17 thoughts on “It begins.”

  1. I’ve heard it’s on the less-complex side. Not an easy game in any case! Harder than a social bluffing game or Pitchcar, way easier than classic hex-and-chit. I feel like they’re easier than a traditional rpg.

    Fire in the Lake is, I believe, intended to be the high water mark.

  2. Answer Jürgen Mayer​ for yourself if you have a more detailed answer, Ralph Mazza​.

    Tbh I’m not that familiar with Sekigahara. Played a few rounds at a game store once I think.

  3. Both games have a steep learning curve because they are such a radically different departure from any other games.

    Once that learning curve is mastered, Sekigahara is the least complex game, by a fairly wide margin.

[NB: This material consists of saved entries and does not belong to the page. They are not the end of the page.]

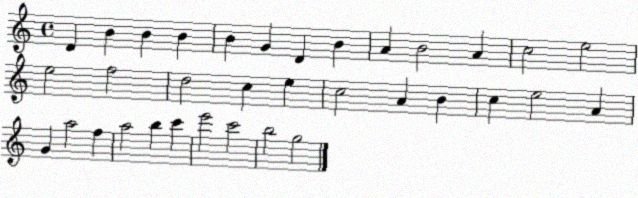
X:1
T:Untitled
M:4/4
L:1/4
K:C
D B B B B G D B A B2 A c2 e2 e2 f2 d2 c e c2 A B c e2 A G a2 f a2 b c' e'2 c'2 b2 g2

    One offsetting feature, is that Coin games are semi-team games, so to the extent having a quasi-partner to talk strategy with makes the game easier, that’s a point in COIN’s favor. But even then there are a lot more moving parts to juggle in a COIN Game.

  4. You know what? Yeah…I totally forgot that Sekigahara is one of those fog of war block games. I had uh…a completely different game in mind.

    So yeah, COIN is trickier than block games. Despite being narrative focused, they feature mechanically precise triggers to make things happen and that can be onerous in play.